With distance_feature query, we order them like this

B: 10, D: 11, A: 15, C: 30

And our front end finds the closest distance (we use a painless script to calculate each distance and send those out as results) for each provider, so we display them like this

B: 10, D: 11, A: 5, C: 2

Note that the documentation never addresses the case of having a list of geo_points for each item.

I have tried painless script_fields, but they cannot be used in the search query, only indexed fields can. Also, they cannot be used in another painless script, so I can't solve the problem piecewise.

I would try runtime_mapping, also called runtime_fields in some mentions, but unfortunately my management moved from ES to OS and it doesn't have that.

I have tried sorting in Python after the fact, but then that clobbers some of the other sorting we do inside the query.

Thanks for your time.

It sounds like you have one document per organisation and each document has a geo point field with an array of values. Is that correct?

One common approach when working with Elasticsearch is to index data multiple ways to optimise for different types of queries. Have you considered or tried indexing locations in a separate index? As each location would only be associated with one geo point it should sort just fine. If you need the full organisation document you could get that with 2 simple queries.

Another option may be to use a nested mapping as each document behind the scenes would have only one geo point. This would require you to use a nested query but could possibly solve the problem.

I do not use geo queries a lot, but someone else may know whether it could be solved in a different way - the post you linked to is after all over 12 years old and a lot has happened since.

Not exactly. We have multiple location documents per organization.

Each location has one geo point (we call it position).

In distance_feature, the field argument is just
"location.position"

I'd like that to mean "location[i*].position", where i* is the nearest location.
distance_feature silently and undocumentedly interprets that as location[-1].position

If I could chain painless scripts, I could find i* in one and then find
location[i*].position in the next.

The user initiates the query with her position (geo_point).

We want to find the closest org to the user.

Closest org really means closest org given the optimal (closest) location to this particular user.

We cannot do this at index time.

The user position is unknown until query time, so distance sorting HAS to happen in real time.

The nested mapping might work.

This is why I initially asked for a sample document and mappings. I have seen a lot of users simplify their use case and leave out important assumptions and constraints just to surface these when solutions are suggested that do not meet the requirements. Wastes a lot of time...

How many positions can a location have? How often are these added, deleted or updated? If this relates to something that is moving around, does each position have an expiry time?

Sorry.

An organization can have an arbitrary number of locations. In practice I've seen over 30. Some have just one, but most have 2-5.

The locations do not move around, the user does.

The position we are finding a distance against is the position of a user.

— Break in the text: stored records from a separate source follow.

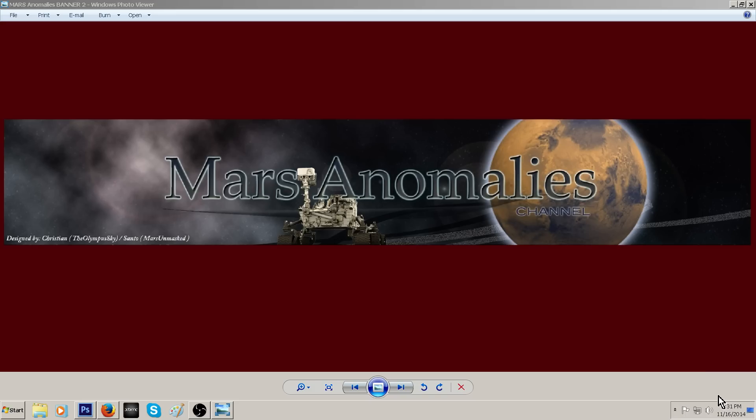What's going on there fellow YouTubers? This is Chris from the Mars Anomalies channel. Okay guys, got a short one for you today. This one's not going to be too long.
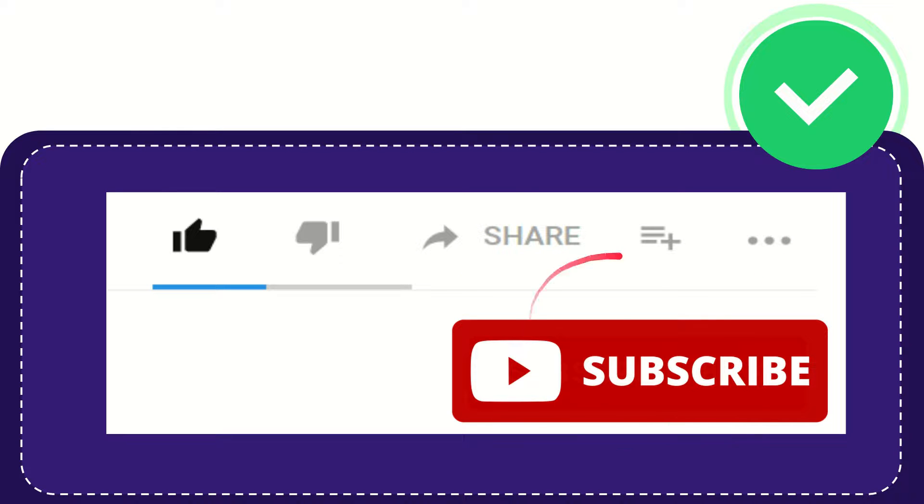And yeah, don't forget to subscribe. I think that's all of it. Thank you so much for watching this video and see you again in another video. Bye bye, see you again.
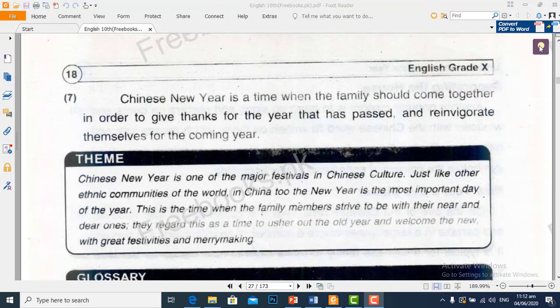Assalamu alaikum students. Welcome to the third lecture of English. In the previous lecture we have translated page number 17. In today's lecture we are going to translate paragraph number 7 and we will solve our glossary and some part of exercise. Let's start our today's lecture, page number 18.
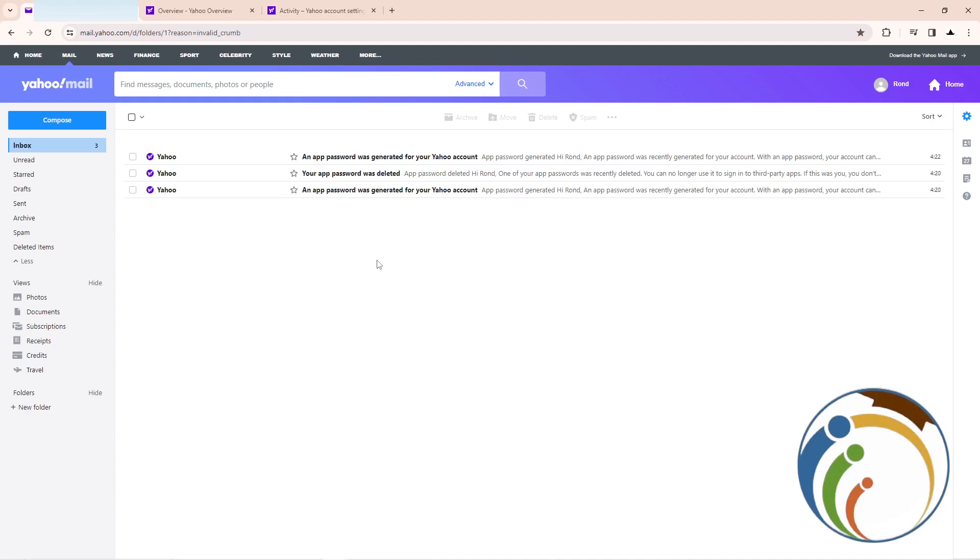Hello guys, today we're going to explain how you can view all connected devices on your Yahoo mail account. Let's do it. What we can do is just follow the video. Make sure you subscribe if that's always helpful.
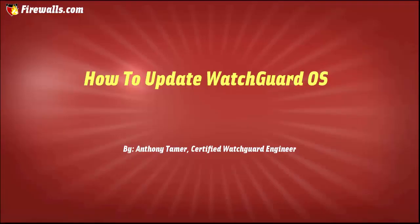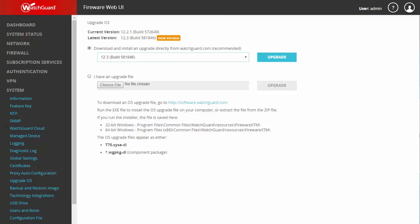Hello again, this is Anthony at Firewalls.com. Today we're discussing upgrading your firmware, or as WatchGuard calls it, your OS. For starters, we're simply going to go to System, Upgrade OS.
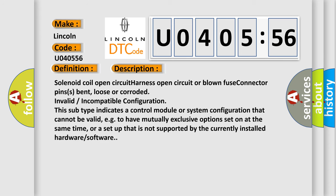Solenoid coil open circuit, harness open circuit or blown fuse, connector pins bent, loose or corroded, invalid/incompatible configuration. This subtype indicates a control module or system configuration that cannot be valid, e.g. to have mutually exclusive options set on at the same time, or a setup that is not supported by the currently installed hardware/software.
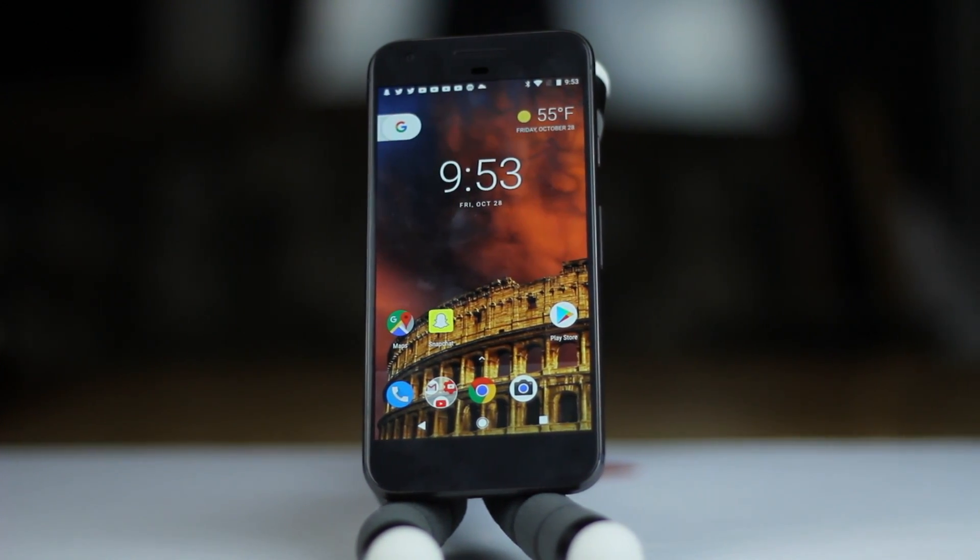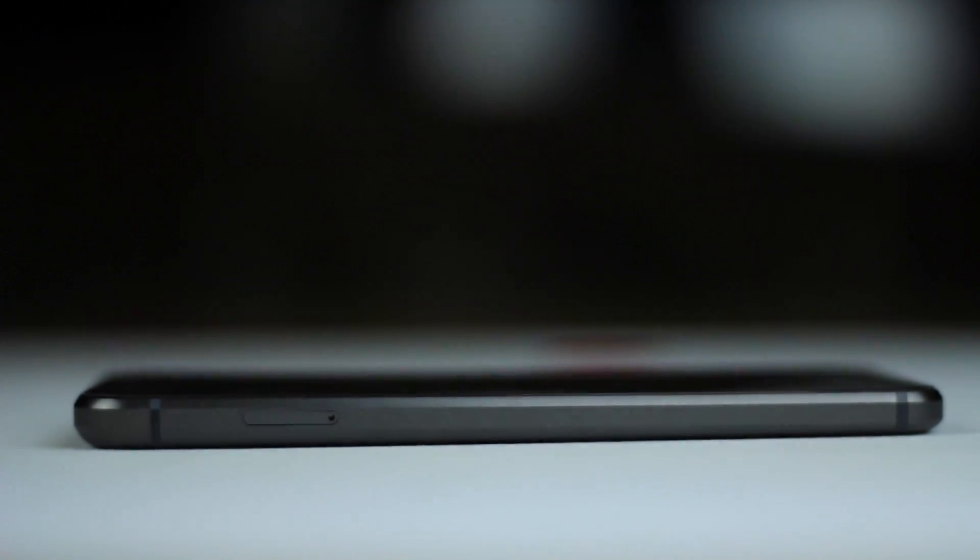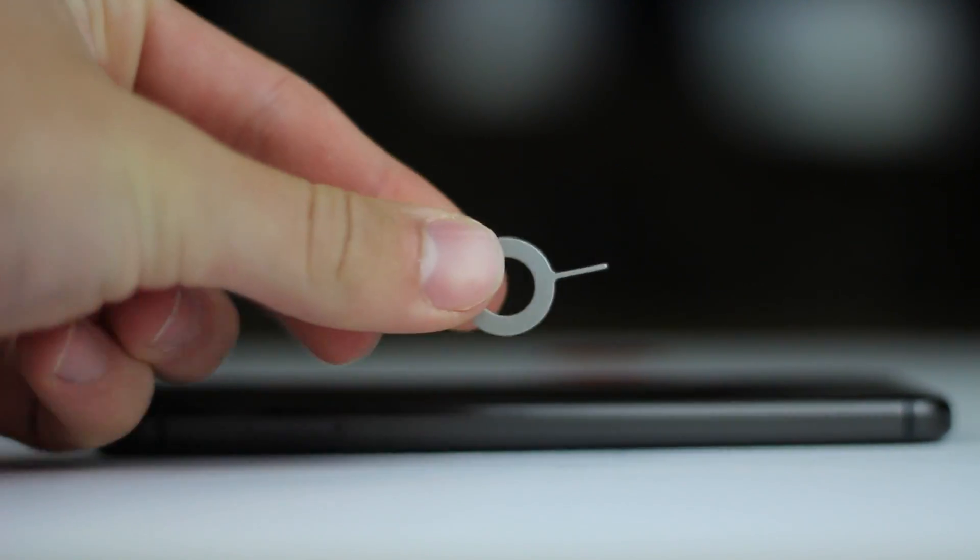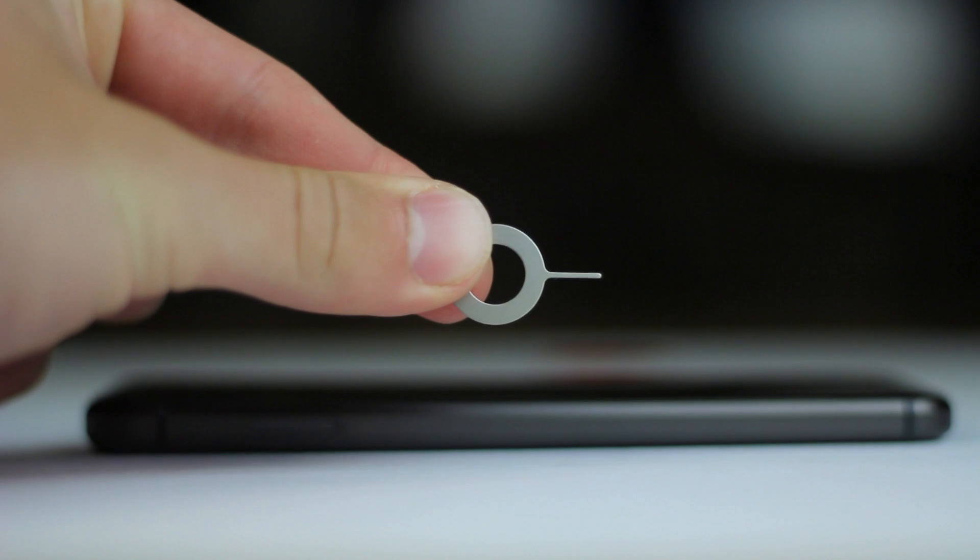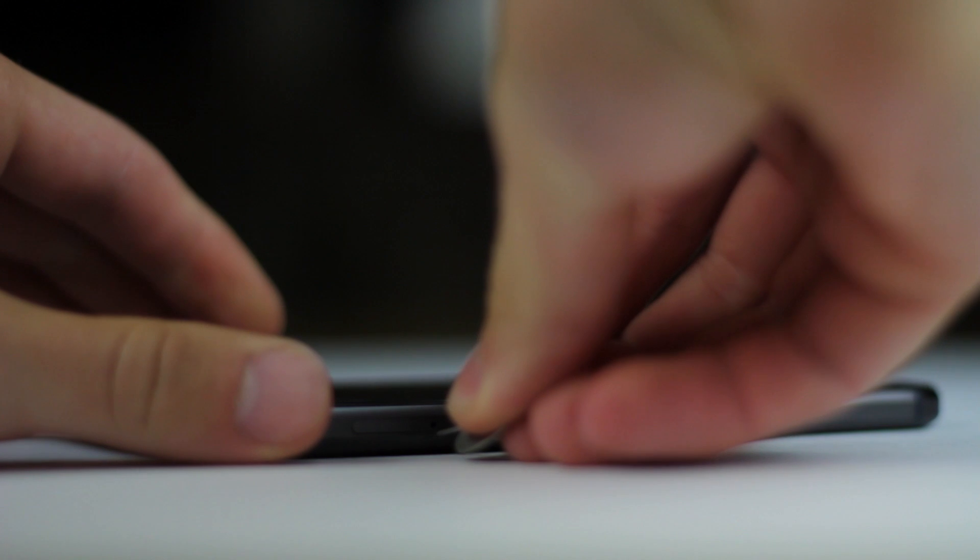So it's a really simple process. What you want to do is take your SIM ejection tool, which you can find in the literature packet in the packaging. Go ahead and stick the removal tool into the port on the left-hand side of your device into the little hole, and you can eject the SIM card tray.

That can be anywhere, and is unknown until run time.

So the organization.locations are not changing, but the distance from the user changes every time and is unknown. That's why I say it has to be solved in the query, not when we load the data into the index.

Also sorting after the fact in our Python DSL might break other sorting and filtering we do. So it really needs to be done by the search engine at query time.

Do you have one document per organisation and each organisation document has an array of locations (where each location has a single position)?

Yes. But the distance varies for each user at query time.

In that case I would either try nested mappings for locations or simply index each location as a separate document (with organisation data denormalised onto each location) in a separate index.

Thank you very much, Christian.

I still don't understand why separately indexing the Locations would make a difference.

I'm not sure, but it seems like the nesting might work.